Believe a better approach would be to develop a Mapserver interface to
Oracle Spatial or ESRI SDE.  Let the database do all the locking, etc.
This would answer the mail on a number of other issues, too.  Both have open
C api that can be downloaded via the net.

Jim Sullivan
NIMA / TES

	-----Original Message-----
	From:	Stephen Lime [SMTP:steve.lime at dnr.state.mn.us]
	Sent:	Tuesday, October 12, 1999 5:37 PM
	To:	camerons at cat.org.au; bfraser at geoanalytic.ab.ca;
mapserver-users at lists.gis.umn.edu
	Subject:	Re: Updating Shapefiles, and data integrity

	The more I think about this, the more I understand why I never
attempted it.
	Locking is a real pain in the CGI world. When do you lock, when a
record
	is requested or when edits are submitted? If the latter then there
is a chance
	more than one person could request the same shape.
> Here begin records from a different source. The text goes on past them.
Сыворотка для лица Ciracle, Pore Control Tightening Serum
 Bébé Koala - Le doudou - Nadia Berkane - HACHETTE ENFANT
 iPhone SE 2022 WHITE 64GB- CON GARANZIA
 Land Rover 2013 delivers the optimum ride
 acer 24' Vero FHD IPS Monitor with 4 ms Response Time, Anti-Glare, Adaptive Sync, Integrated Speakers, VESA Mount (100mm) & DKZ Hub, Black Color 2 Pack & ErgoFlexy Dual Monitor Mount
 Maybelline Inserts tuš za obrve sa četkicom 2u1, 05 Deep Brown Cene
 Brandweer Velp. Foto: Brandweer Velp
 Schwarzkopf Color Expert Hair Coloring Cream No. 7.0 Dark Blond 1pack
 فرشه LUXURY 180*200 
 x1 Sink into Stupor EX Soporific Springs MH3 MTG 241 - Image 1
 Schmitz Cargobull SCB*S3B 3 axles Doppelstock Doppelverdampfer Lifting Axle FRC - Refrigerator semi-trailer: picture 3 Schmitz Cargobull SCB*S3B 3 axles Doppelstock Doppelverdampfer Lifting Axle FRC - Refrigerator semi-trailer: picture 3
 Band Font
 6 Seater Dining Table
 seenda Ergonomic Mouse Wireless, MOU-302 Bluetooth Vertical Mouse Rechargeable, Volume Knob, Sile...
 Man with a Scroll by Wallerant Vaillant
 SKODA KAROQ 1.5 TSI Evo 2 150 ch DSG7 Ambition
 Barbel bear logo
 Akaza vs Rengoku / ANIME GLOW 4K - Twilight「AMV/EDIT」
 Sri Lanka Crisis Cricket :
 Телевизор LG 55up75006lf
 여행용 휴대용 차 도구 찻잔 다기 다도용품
I don't think
that 
	on-the-fly edits are possible robustly. Somehow I think edits need
to be cached
	and commited "behind the scenes". It's essential the shp, shx and
dbf records
	remain in sync. What about something like this:

	Assuming the there is a mechanism to request a shape and attributes
(and a checkout
	time)  and make changes. A user now sends back some edits. This
causes a record to 
	be written to a "pending" database. What actually gets saved are
things like source 
	shapefile, feature id (-1 for new), timestamp, etc. The actually
edits get saved in some format 
	(shapefile) as a  file whose name can be reconstructed from elements
in the pending database. 
	Now, periodically a process could go through and commit the edits in
the pending database
	to production (not web accessible) versions. When this is finished
the updated stuff
	could be swapped in for the old stuff and the pending database
purged (in part). The 
	commiting of the shapes would essentially involve rebuilding the
shapefile from the user
	edits and the production version (i.e. pick the edited version if it
exists). Put a lock in
	place while versions are being swapped and remove it when done,
probably only a
	few seconds. You could even maintain a history by saving previous
versions for
	some period of time or retiring shapes to some external format
(shapefile).

	As requests for shapes come in a quick check of the pending database
could be used
	to identify re-edits. If a timestamp is set when a shape is
requested then it could be
	compared against edits in the pending database to identify possible
problems. If a user
	requests an edited shape just send the pending edits as if they were
part of the current
	shapefile. New shapes are just added to the pending database and
make their way
	into the main database as part of the update process.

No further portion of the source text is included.